My 10 x 12 HFGH is in a warm climate where we have rare nights when the temps plunge to the teens. Last night was predicted a low of 20 degrees.

My 'heat sink' is a series of four 50 gal. barrels connected with tubing. The water is circulated at intervals by a small pump. The effect is that on moderate days, the temperature stays more even.

When the sun goes down, heat is quickly lost from the GH when outdoor temperatures are near freezing or lower. Late yesterday afternoon, it was 44 outside and 64 inside as the sun went down. I adjusted the thermostat on the little electric heater to just come on at 64 or lower. We rigged a 250 watt infrared bulb on the opposite side, not pointing to any plants.
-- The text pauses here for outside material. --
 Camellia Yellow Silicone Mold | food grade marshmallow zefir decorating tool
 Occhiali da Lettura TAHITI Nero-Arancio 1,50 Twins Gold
At 4 am, the temp outside was 24 and the GH was at 34.

When I checked the plants at noon today, the only obvious unhappy camper was one strobilanthes that was wilty, despite having moist soil. I have no overly tender expensive topicals to worry about, mostly rooted cuttings, and plants that would probably be killed to the ground but survive outside in the ground, like gingers.

My point is to give some idea of the limits of 200 gallons of water, a 250 watt heat lamp and one little electric heater on a near 20 degree night for those who have asked about heat lamps, water and electric heaters. By mid-morning, in the sunshine, I had to vent the house a bit.

We have also tried a Coleman camping heater -- pricey for gasoline. We have a kerosene heater in case the power fails, but we've not used that yet.

I hope this answers some questions that are frequently raised here about the effiency of some methods. I suggest what Orchiddude (among others) recommends for heating in all but the warmest zones, and bottom heat for starting seeds midwinter.